The invention also provides a preparation method of the solid pharmaceutical preparation, which comprises the following steps: taking the yolk after aseptic separation in the preparation method, homogenizing, sterilizing, adding pharmaceutically acceptable auxiliary components, mixing, and lyophilizing.
Optionally, the auxiliary components can be vitamin C, sucrose and sodium benzoate, and 10-15 g of vitamin C, 50-100 g of sucrose and 1-1.5 g of sodium benzoate are added into every 1000 g of egg yolk.
The technical scheme of the invention has the following advantages:
1. the triple egg yolk antibody for the cats, provided by the invention, simultaneously contains a feline parvovirus egg yolk antibody, a feline herpesvirus egg yolk antibody and a feline calicivirus egg yolk antibody, the three antibodies have higher antibody titer, and the three antibodies have a synergistic interaction effect, so that the treatment effect of the triple egg yolk antibody on feline plague, feline nasal bronchitis and feline calicivirus infection is remarkably improved.
2. The triple egg yolk antibody for the cat comprises a feline parvovirus egg yolk antibody, a feline herpesvirus egg yolk antibody and a feline calicivirus egg yolk antibody.
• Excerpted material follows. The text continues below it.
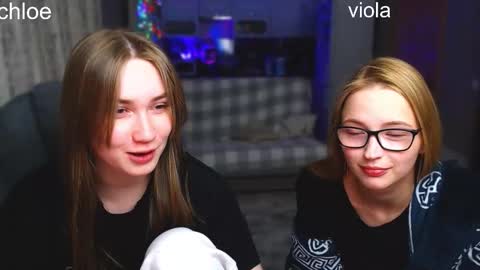 Snapshot of _chloe_miller_ chatting on September 30, 2025, 6:35 pm _chloe_miller_ online show from September 30, 2025, 6:35 pm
According to the embodiment of the invention, the medicine containing the triple egg yolk antibody and the medicine containing the feline panleukopenia monoclonal antibody are respectively used for treating the cat suffering from the feline panleukopenia diarrhea, and the result shows that the treatment effect of the triple egg yolk antibody on the feline panemia diarrhea is obviously better than that of the feline panemia monoclonal antibody, and the treatment time is obviously shortened. The invention expands the treatment way of the feline diarrhea and provides a new direction for the treatment of the feline diarrhea.
3. The triple egg yolk antibody for the cats is obtained by directly immunizing laying hens with combined antigen containing feline parvovirus antigen, feline herpesvirus antigen and feline calicivirus antigen, so that the triple egg yolk antibody has the advantages of pure nature, low cost, basically no drug resistance and toxic or side effect and good specificity.
4. According to the preparation method of the triple egg yolk antibody for the cats, provided by the invention, the serum-free inactivated virus concentrated solution is used as the vaccine, so that on one hand, the laying hens can generate various types of antibodies aiming at one virus, on the other hand, the stress response of the laying hens can be relieved by the serum-free vaccine, the laying rate of the laying hens is prevented from being greatly reduced, on the other hand, the laying hens can be prevented from generating antiserum antibodies, and the purity and the level of target antibodies are increased;
the method is characterized in that immunization is carried out when the laying hens are 26-27 weeks old, and the laying hens are in the egg laying peak period, so that the phenomenon that the laying rate of the laying hens cannot reach a normal level due to the influence of immune stimulation can be avoided; in addition, the laying hens are specially fed one week before the start of immunization, so that the laying hens are calmed to further relieve immune stress reaction, meanwhile, the nutrition and the resistance of the laying hens are increased, and the specific immune reaction strength of the laying hens is enhanced;
the specific immunization locus is adopted, three times of immunization are carried out under dark light when the laying hens are in a sleep state, and meanwhile, the immunization dosage and the immunization interval time are optimized, so that the target antibody level and the target antibody maintenance time of the immunized laying hens are obviously enhanced.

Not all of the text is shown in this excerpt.